É de se indagar, nesse sentido, qual a razão para que os membros do Ministério Público junto ao TCDF, guardiões que deveriam ser das contas públicas e que têm por obrigação funcional conhecer e aplicar as normas legais, em especial as financeiras e orçamentárias, tenham levado adiante essa pretensão, com vista a perceber vantagem, sem qualquer respaldo legal, no valor R$ 11.229,70 para cada 30 dias de substituição, e que representa um terço de seus subsídios, hoje na ordem de R$ 33.689,10 [3].

Sim, porque o artigo 130 da Constituição Federal, invocado como fundamento de validade para a resolução, jamais teve o alcance que se quis dar, sendo certo que o STF já se pronunciou sobre o tema, em sede de controle abstrato de constitucionalidade, há pelo menos 26 anos, de sorte que a ninguém é dado desrespeitar deliberadamente as decisões judiciais, sobretudo as que gozam de eficácia erga omnes, por simplesmente não concordar com elas, nem, tampouco, afirmar desconhecimento jurídico, ainda que por inépcia, para obter vantagens ilícitas e se desonerar das responsabilidades nos âmbitos civil, administrativo e penal.

Ademais, ainda que se pudesse admitir a interpretação sustentada pelos membros do Ministério Público que atuam junto ao TCDF, no sentido de gozarem, por simetria, de direitos e vantagens pessoais conferidos às carreiras do Ministério Público comum, é de fácil conclusão que a seção na qual se insere o referido dispositivo constitucional não faz referência à gratificação de substituição ou assegura qualquer equiparação remuneratória, garantindo apenas a vitaliciedade, a inamovibilidade e a irredutibilidade do subsídio, de modo a se depreender que a referida vantagem pecuniária, consoante prevê a Lei Orgânica do Distrito Federal, só poderia ser auferida, em observância ao princípio da reserva legal, mediante a edição de lei específica.

O deliberado descumprimento da lei, com a obtenção de vantagens indevidas, por aqueles que deveriam ter redobrada vigilância, ao passo de atrair a necessária investigação pelos órgãos de controle, de forma a aferir a legalidade, e a probidade, dos atos praticados, impõe a adoção das medidas judiciais pertinentes para o ressarcimento ao erário, e sem que caiba, à míngua de boa-fé, alegar a natureza alimentar dessas verbas e seu suposto caráter irrepetível, pois, é necessário frisar novamente, cuida-se de matéria já julgada e exaustivamente enfrentada pelo STF, não restando a menor dúvida sobre os seus contornos jurídicos.

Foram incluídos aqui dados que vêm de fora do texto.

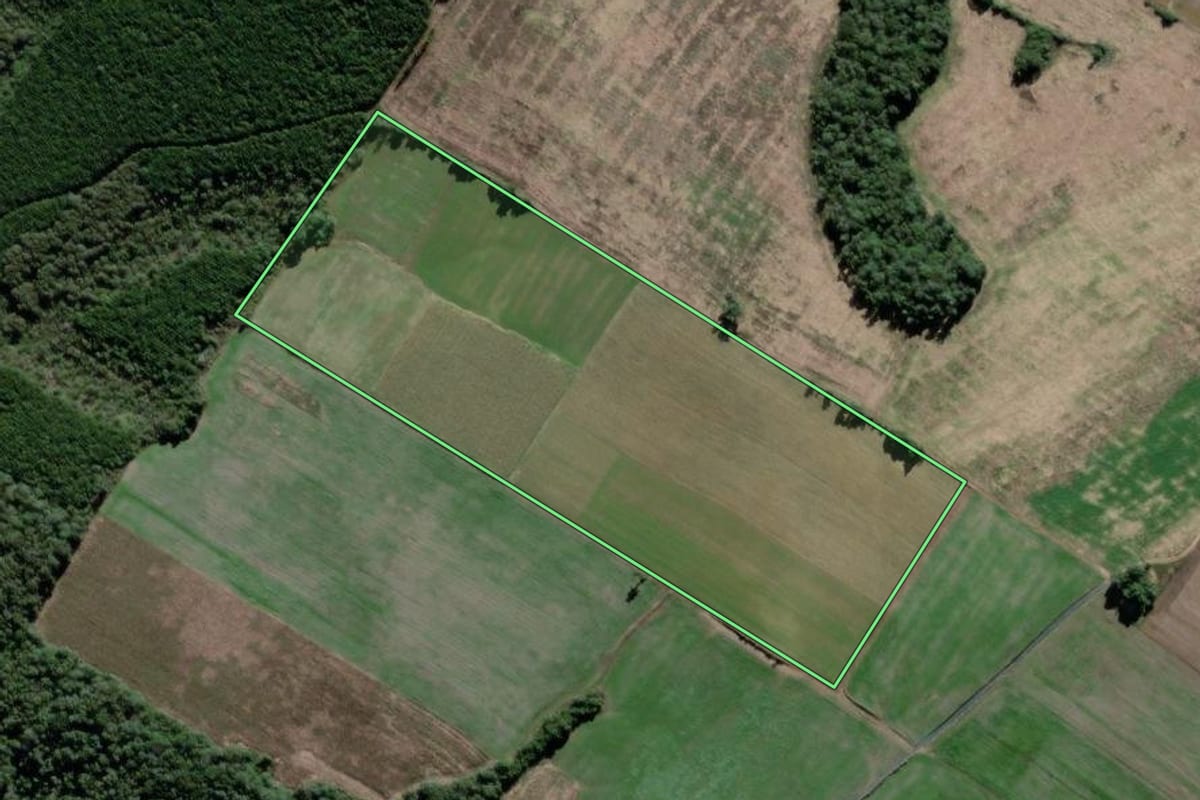 Imagem de satélite do imóvel rural em São João do Triunfo (PR), com o contorno declarado no CAR desenhado por cima.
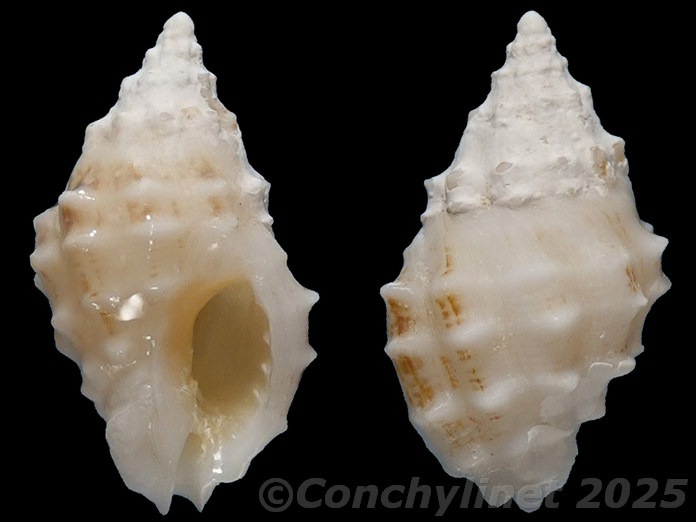 Cronia ochrostoma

Existem, ainda, outros tantos temas envolvendo a atuação dos Tribunais de Contas, e seus limites, que desafiam análise, a exemplo da possibilidade de emitir provimentos de natureza cautelar e decisões com caráter normativo e vinculante, bem como responsabilizar advogados públicos por suas manifestações jurídicas, imiscuir-se no controle sobre o mérito administrativo e, até mesmo, exercer exames estritos de legalidade e de constitucionalidade [4].

Os referidos assuntos serão abordados em um segundo artigo, em continuidade à reflexão que ora se propõe.

 


[1] Para a primeira situação, o Distrito Federal impetrou suspensão de segurança perante o STF, distribuída sob nº 5.416 – DF, cujo pedido liminar de contracautela foi concedido para obstar os efeitos de tutela antes concedida pelo TJDFT em mandado de segurança impetrado pelos membros do Ministério Público que atuam junto ao TCDF, e que tem por objetivo obrigar membros do Poder Executivo local a fornecer documentos e informações diretamente a eles e sem a participação ou deliberação do plenário do TCDF. A medida judicial baseia-se, então, em três premissas: (i) o Ministério Público de Contas é parte integrante do Tribunal de Contas; (ii) quisesse o constituinte que os procuradores dos MPs de Contas tivessem atribuições idênticas aos membros do Ministério Público da União e dos Estados, teria, logicamente, inserido no feixe de competência desses ramos do Ministério Público a função de oficiar junto às Cortes de Contas, o que não fez; (iii) a atividade de controle externo prevista no artigo 71 da Constituição Federal, inclusive quando dotada de caráter preparatório, cabe aos próprios Tribunais de Contas, não sendo compartilhada com os Ministérios Públicos de Contas integrados às suas estruturas.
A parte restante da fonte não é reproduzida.